Pour le moment, il faut que tous puissent croître, se développer et avoir le temps de comprendre, de se repentir et de se mettre en chemin. Personne ne peut être réduit à ses œuvres passées. C’est plutôt une bonne nouvelle si, à l’image des prostituées et des publicains, à l’image de Marie-Madeleine et de Zachée, nous mettons à profit le temps qui nous est donné pour nous ouvrir à la grâce du salut. C’est une moins bonne nouvelle si, comme les grands prêtres et les anciens du peuple nous nous installons dans la certitude d’être des justes et refusons de nous convertir.
Ce que Jésus veut nous dire au travers de cette parabole, c’est qu’il n’y a pas d’un côté les justes et de l’autre côté les méchants. Il veut nous dire que c’est en nous que passe cette frontière entre le bien et le mal et qu’il est toujours possible de passer du mal au bien.
Se convertir
Ni Jean-Baptiste ni Jésus n’ont réussi à amener les grands prêtres et les anciens, ceux qui se prenaient pour des justes, sur le chemin de la conversion. Qu’en est-il pour nous aujourd’hui?
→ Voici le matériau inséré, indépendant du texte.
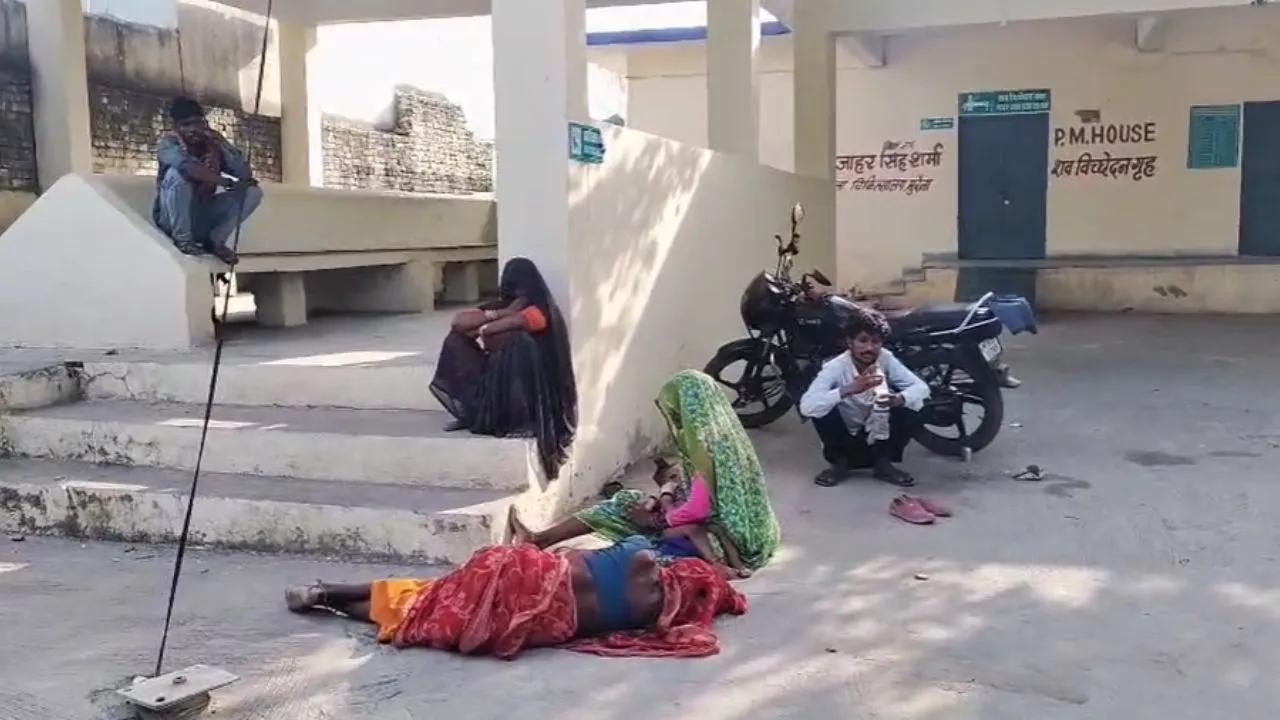 Family members sitting outside the post-mortem house after the woman's death.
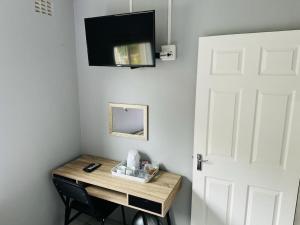 a room with a table with a mirror and a door at Jodwell Guesthouse in East London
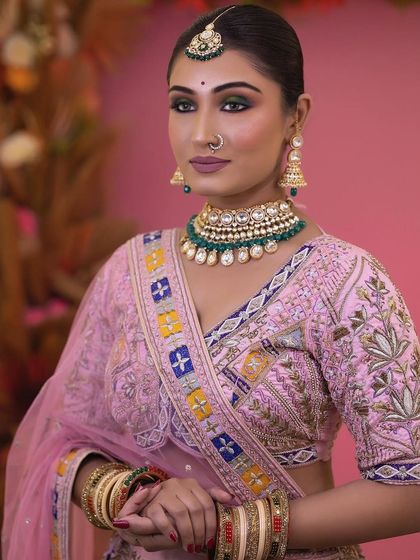 This bride pairs her colourful pink lehenga with a simple but elegant green beaded choker, showing how contrasting colours can work beautifully.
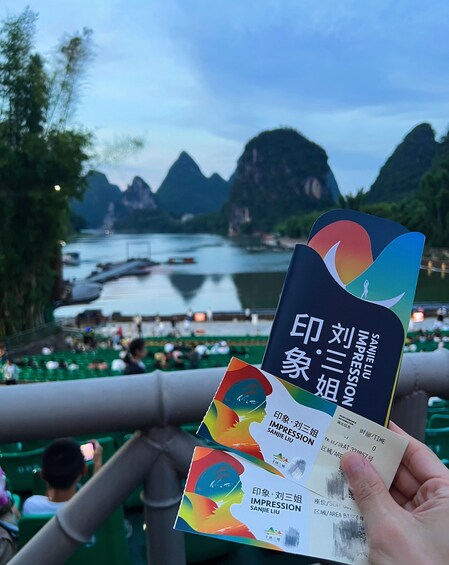 A person holding a colorful brochure with text in Chinese, a scenic view of a river with mountains in the background, and a crowd of people on a bridge. 4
Jésus ne cesse de le répéter : “Ce ne sont pas les gens bien portants qui ont besoin du médecin, mais les malades. Je ne suis pas venu appeler des justes, mais des pécheurs” (Mc 2,17) Mais nous savons tous combien il est difficile de se reconnaitre malade et pécheur et nous avons tendance à jeter un regard condescendant sur tous ces pauvres, ces égarés, les malades et les pécheurs de notre temps.
Nous aimons à penser que nous ne sommes pas comme eux. C’est l’apôtre Paul qui nous donne la clef de l’attitude juste, conforme à celle d’un disciple du Christ. Il nous invite à nous réconforter les uns les autres, à nous encourager avec amour, à avoir de la tendresse et de la compassion, à travailler à l’unité, avec humilité et constance. En un mot, il nous invite à conformer notre attitude à celle du Christ.
Mais nous le savons, et Paul le savait aussi, si nous comptons sur nos seules forces, cela est impossible. Le vieil homme est bien vivant en nous et ce n’est pas un hasard si le psaume, tout de suite après avoir demandé “Seigneur, enseigne-moi tes voies…” implore Dieu ” Rappelle-toi, Seigneur, ta tendresse …. oublie les révoltes, les péchés de ma jeunesse”. Sans le pardon de Dieu nous ne sommes rien, nous ne pouvons rien. C’est cela que les publicains et les prostituées avaient compris et qu’il nous faut comprendre.
La question que le Christ nous pose aujourd’hui n’est pas de savoir combien de fois nous avons dit “oui” ou “non” aux appels du Père. La question qu’il nous pose maintenant est celle-ci: es-tu prêt aujourd’hui à aller travailler à ma vigne, cette vigne qui est ton héritage puisque tu es mon fils, ma fille ? Il est inutile de nous revendiquer chrétien si nous n’entendons pas cet appel et si nous ne nous mettons pas en route.
Le pape François ne cesse de nous le rappeler : “C’est bien de se dire chrétien, mais il faut avant tout être chrétien dans des situations concrètes, témoignant de l’Évangile qui est essentiellement amour pour Dieu et pour nos frères et sœurs” (Angélus du 18 août 2019). Le grand champ du combat pour l’écologie intégrale attend que nous nous engagions. Le grand champ des droits à protéger pour les personnes vulnérables, les réfugiés, les vieillards, les malades, attend que nous nous mettions au travail.
La solidarité a besoin de nos mains, de nos bras, pour se manifester. Les pauvres ont faim et soif de pain et de justice, de paix aussi. Dieu ne nous fait pas la morale, jamais. Il veut nous transformer et transformer notre manière de vivre et d’agir pour préparer ce monde à la venue du Royaume.
Oui, rien n’est joué, tout est possible, car nous sommes libres. N’ayons pas honte d’avoir dit “non” au Seigneur à certaines heures. Avançons dans la confiance en son pardon et dans notre capacité à travailler à sa vigne.